The woman with hair where her eyes should be, Mike, lives in the tower of a converted church. Rather she had the church converted to apartments, lives in one, rents out the others, and spends most of the time she is at home in a space high in the tower she had set aside and converted into a small library. Here she can read or look four directions over The City.

A faint sound like rain on trees or the crackle of loudspeakers in the yard of an industrial building. But it is dry and there are only houses here.

A fox pauses while crossing a street. It feels the ground breathing or shifting. This happens from time to time.

On a side street cars are half-absorbed into the road, the pavement. Or in places the pavement is glass, metal, doors and windows extended down and across. Elsewhere cars grow together with trees and street furniture.

If you think too hard about the changes in topography around you it is easy to get lost. Better to set out with no plan or only a vague sense of destination. In places you might still need to loop, repeat sections until a route offers itself. Animals are largely less troubled by changes.

There are localised areas of freezing cold and unusual heat around The City.
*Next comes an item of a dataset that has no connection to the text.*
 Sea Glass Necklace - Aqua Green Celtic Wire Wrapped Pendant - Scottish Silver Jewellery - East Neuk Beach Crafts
Pavements, ignored scrub behind half-broken brick walls, corners of industrial units. Some permanent, others temporary, transient.

The young man and his friends sometimes talk about how The City and people within it change and transform. They speculate that in some ways time has accelerated and what seems dramatic is normality at a faster pace.
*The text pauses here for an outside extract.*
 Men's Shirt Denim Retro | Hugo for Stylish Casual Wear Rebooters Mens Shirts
Jo and her mother are talking when her mother says, "What's that?"
    "What?" Jo asks, then notices. When she speaks something like coloured smoke, like petrol in a puddle, rises and twists from her mouth. She runs a finger through it, and rather than swirling away unfelt it clings, has weight. She wonders for a moment if her words are taking on physical form, but dismisses the thought immediately.
    Jo looks at her fingers, touches her lips with her other hand, there is no residue from the smoke, now dispersing. She breathes out, but there is no smoke this time. Jo says, "I don't know, what is that?", and again the words, or sounds, or whatever the cause lead to the same ink-in-water effect, coloured cloud emanating, changing shape. This time Jo's mother reaches into it, reacts at the weight and drag, and looks at her fingers where no trace can be seen.
    "Maybe I should see my GP," says Jo. Her mother frowns,
    "I'm not sure they'll be able to do much."